• Task to carry out:
Output all entries verbatim, dropping pictures.

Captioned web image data
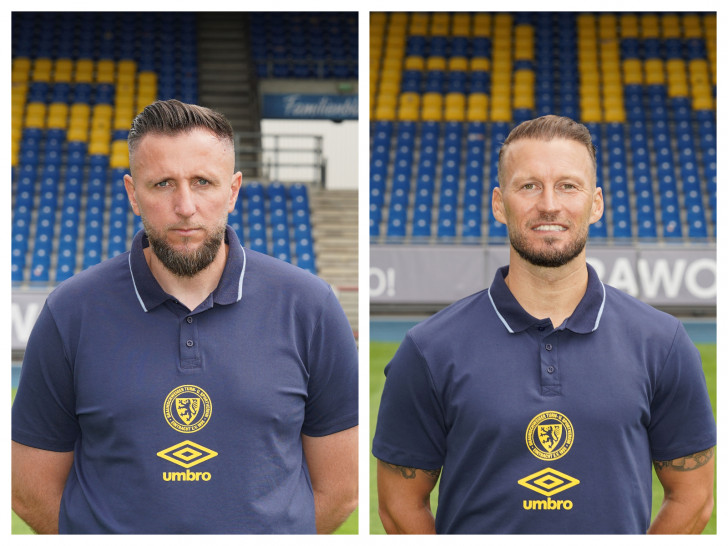 Marc Pfitzner (re.) und Jasmin Fejzic haben ihre Verträge verlängert.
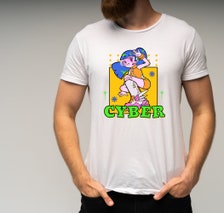 Cyber Y2K T-Shirt Inherited - Aesthetic Clothes Shop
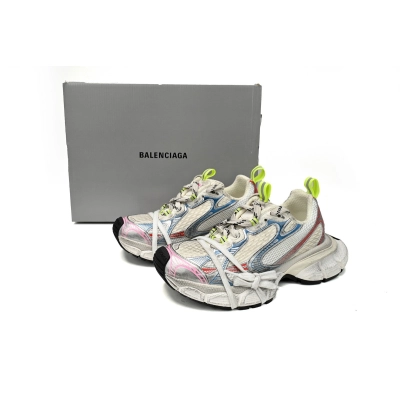 PKGoden Balenciaga 10th White, red And Blue 734734 W3XL5 9654 02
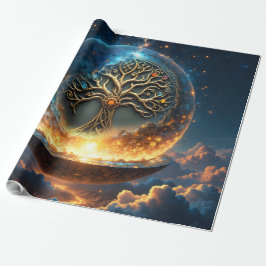 Sphere of Life – The Golden World Tree.  Presentpapper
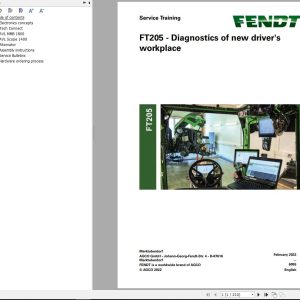 Fendt FT205 Diagnostics Of New Drivers Workplace Service Training 758013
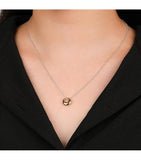 925 Silver Bead Chain Necklace Pendant Clavicle Jewelry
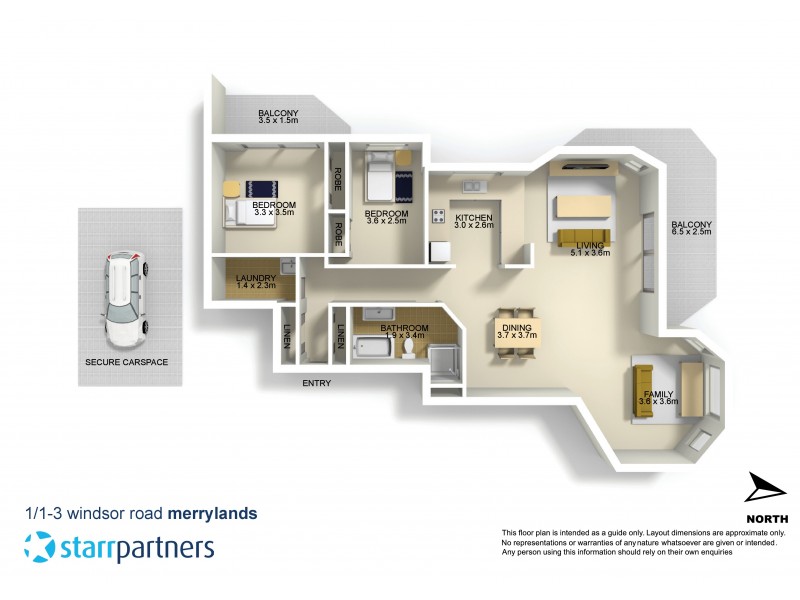 1/1-3 Windsor Road, Merrylands NSW 2160 Floorplan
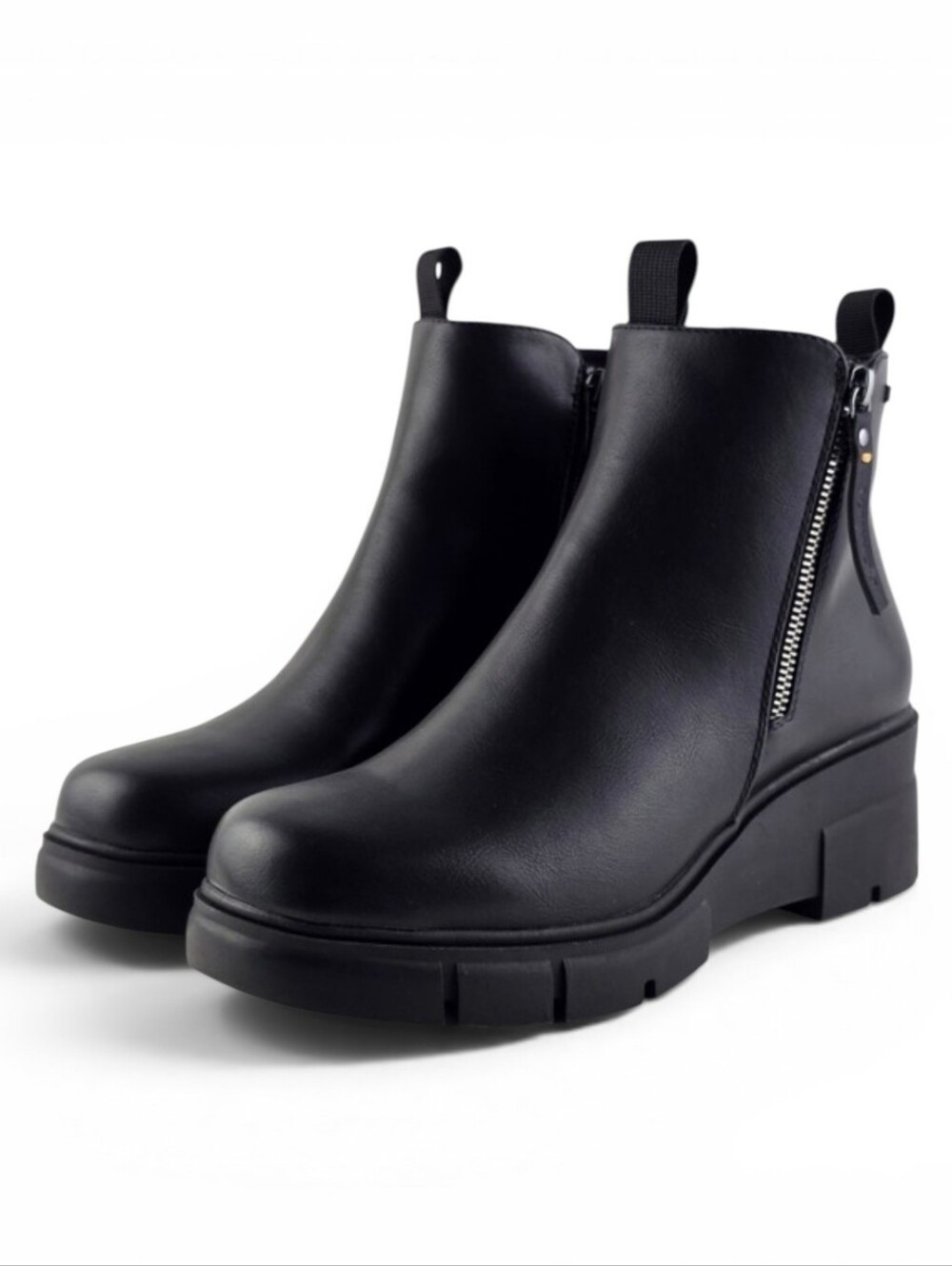 NWT Romika Women's Wilma 03 Waterproof Double Zip Black Ankle Boots 41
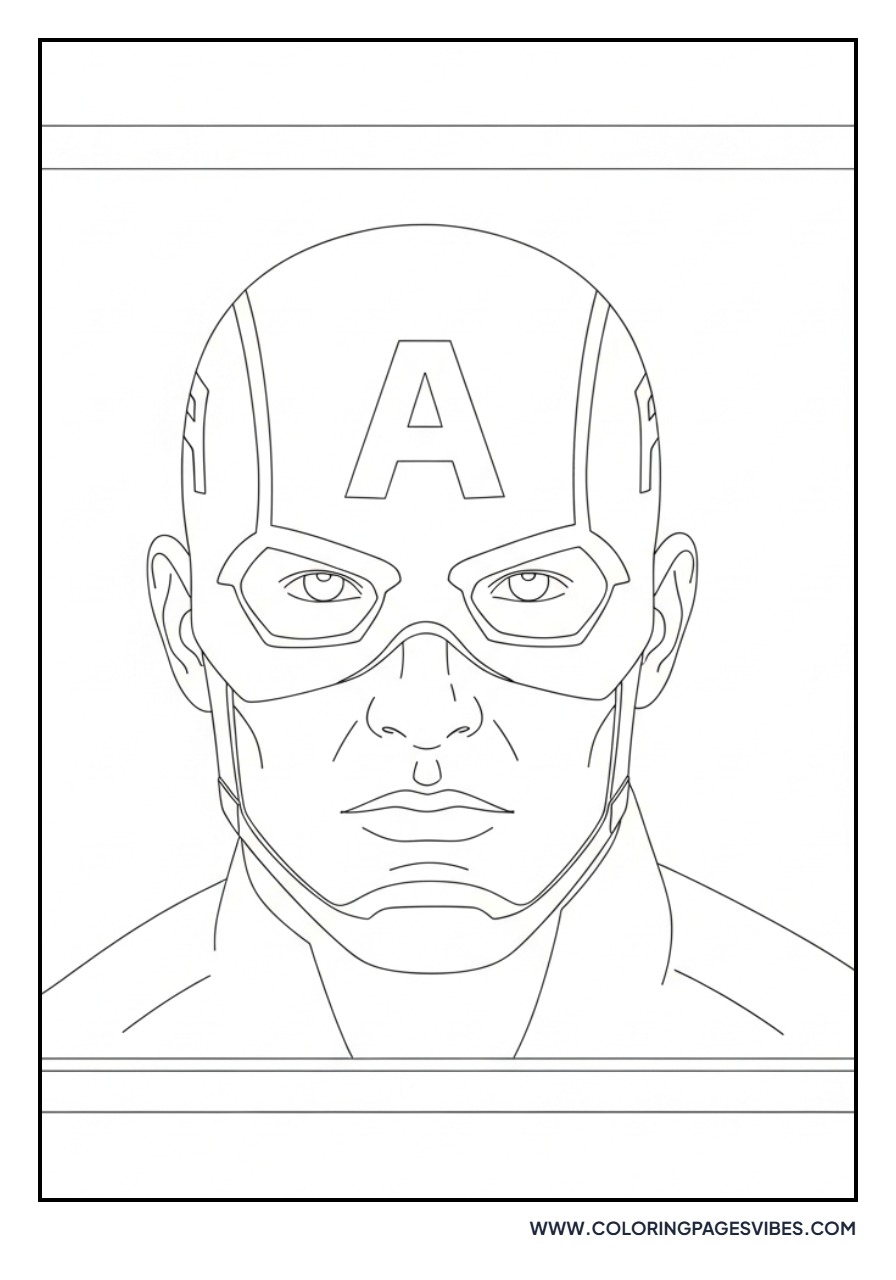 Smiling Captain America Face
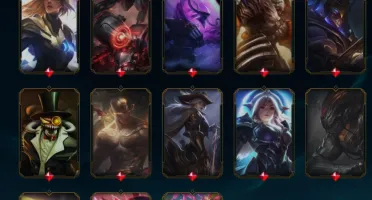 Conta com 114 Skins [2 Skins Vitoriosas] e 128 Campeões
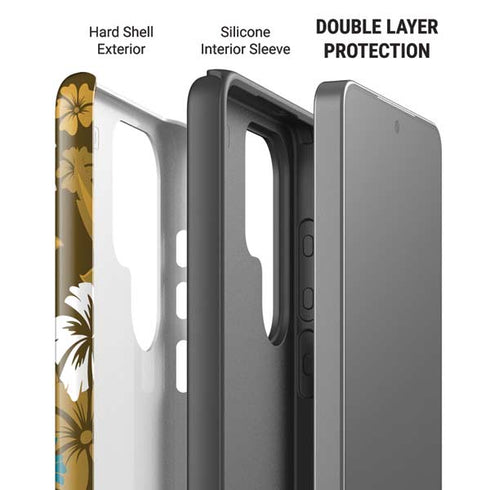 NFL Jacksonville Jaguars Tropical Print Galaxy S26 Ultra Impact Case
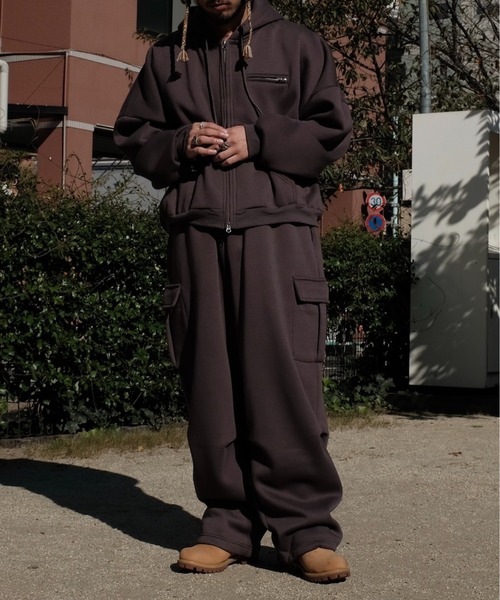 2AM（ツーエイエム）の「INTODUSK / SURVIVAL CARGO SWEATS（カーゴパンツ・メンズ・ブラック/グレー系その他・LARGE/SMALL/MEDIUM）」の6枚目の写真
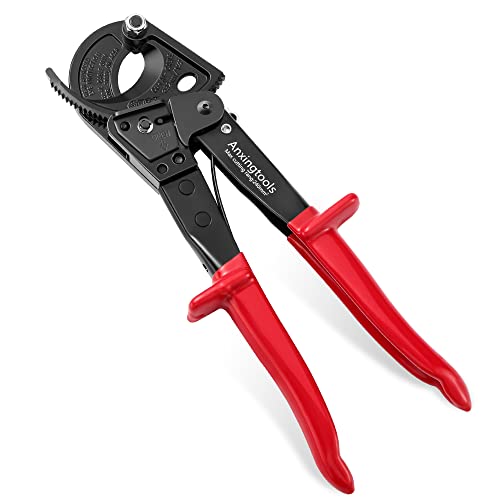 Ratschenschneider, Anxgingtools HS325 Heavy Duty Draht Cutter für Aluminiumkupferkabel bis zu 240 mm², Ratschenkabelschneider (HS325) von Anxingtools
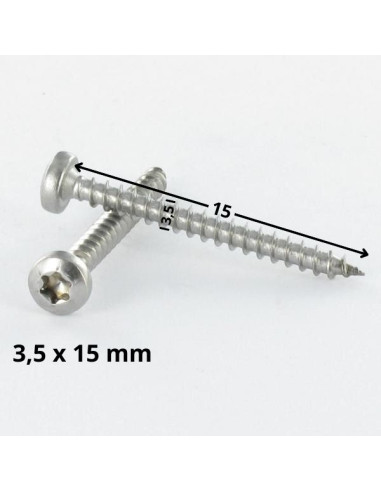 1 x Puuruuvi Pyöreä pää 3,5 x 15 TORX T15...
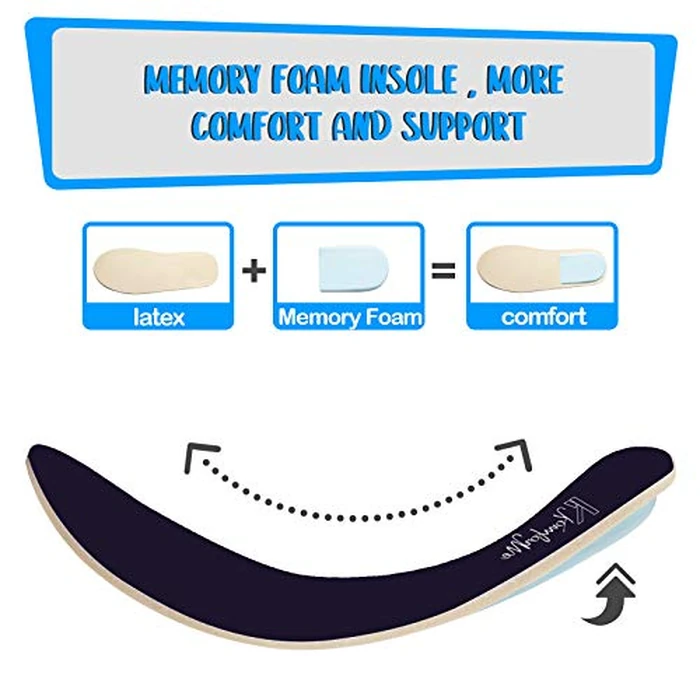 K KomForme Kids Shoes Toddlers Canvas Sneakers Slip on Walking Tennis Shoes for Boys Girls(Toddler/Little Kids/Big Kids) by K KomForme - Image 6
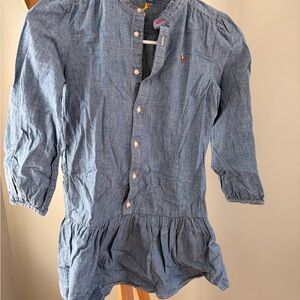 Ralph Lauren Denim Button Down Shirt dress size 6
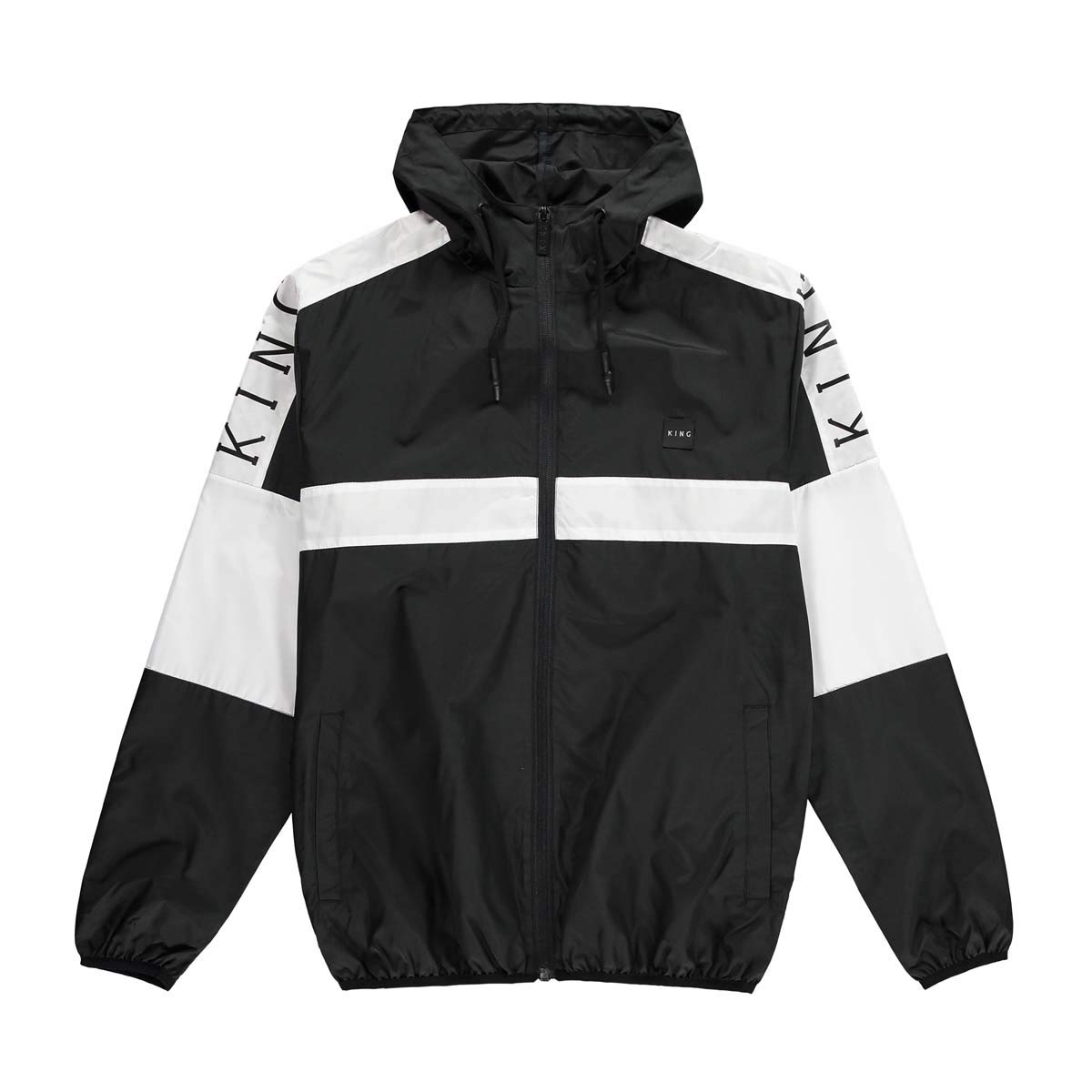 King London Leyton Men's Lightweight Windrunner Jacket - Water-Resistant Windbreaker for Running, Hiking & Outdoor Activities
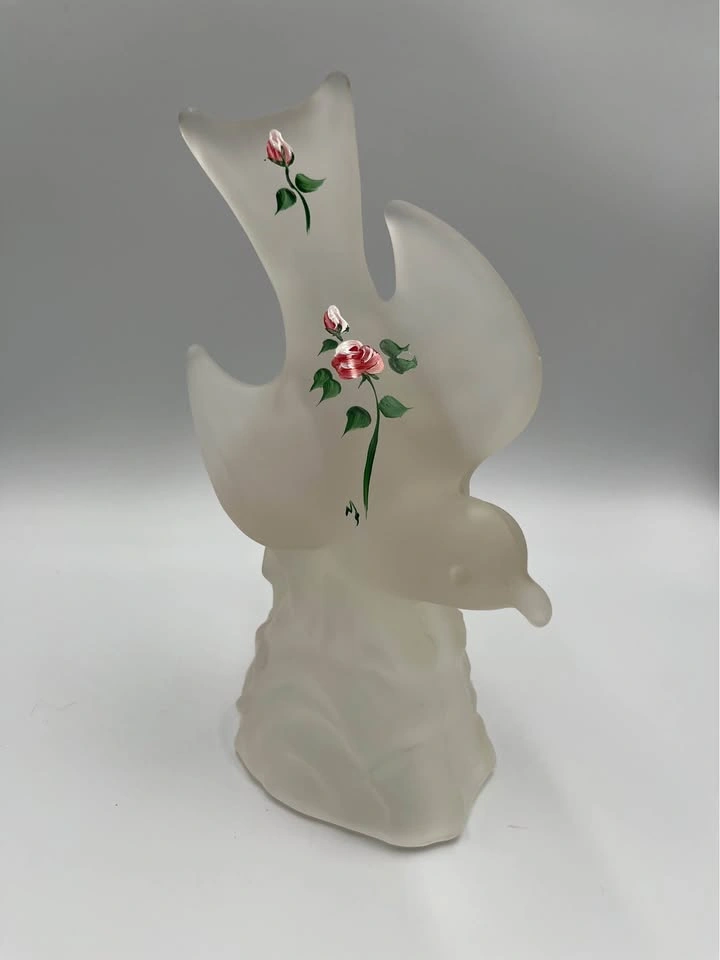 L.E. Smith Frosted Glass Bird - photo 3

• Your response:
 Marc Pfitzner (re.) und Jasmin Fejzic haben ihre Verträge verlängert.
 Cyber Y2K T-Shirt Inherited - Aesthetic Clothes Shop
 PKGoden Balenciaga 10th White, red And Blue 734734 W3XL5 9654 02
 Sphere of Life – The Golden World Tree.  Presentpapper
 Fendt FT205 Diagnostics Of New Drivers Workplace Service Training 758013
 925 Silver Bead Chain Necklace Pendant Clavicle Jewelry
 1/1-3 Windsor Road, Merrylands NSW 2160 Floorplan
 NWT Romika Women's Wilma 03 Waterproof Double Zip Black Ankle Boots 41
 Smiling Captain America Face
 Conta com 114 Skins [2 Skins Vitoriosas] e 128 Campeões
 NFL Jacksonville Jaguars Tropical Print Galaxy S26 Ultra Impact Case
 2AM（ツーエイエム）の「INTODUSK / SURVIVAL CARGO SWEATS（カーゴパンツ・メンズ・ブラック/グレー系その他・LARGE/SMALL/MEDIUM）」の6枚目の写真
 Ratschenschneider, Anxgingtools HS325 Heavy Duty Draht Cutter für Aluminiumkupferkabel bis zu 240 mm², Ratschenkabelschneider (HS325) von Anxingtools
 1 x Puuruuvi Pyöreä pää 3,5 x 15 TORX T15...
 K KomForme Kids Shoes Toddlers Canvas Sneakers Slip on Walking Tennis Shoes for Boys Girls(Toddler/Little Kids/Big Kids) by K KomForme - Image 6
 Ralph Lauren Denim Button Down Shirt dress size 6
 King London Leyton Men's Lightweight Windrunner Jacket - Water-Resistant Windbreaker for Running, Hiking & Outdoor Activities
 L.E. Smith Frosted Glass Bird - photo 3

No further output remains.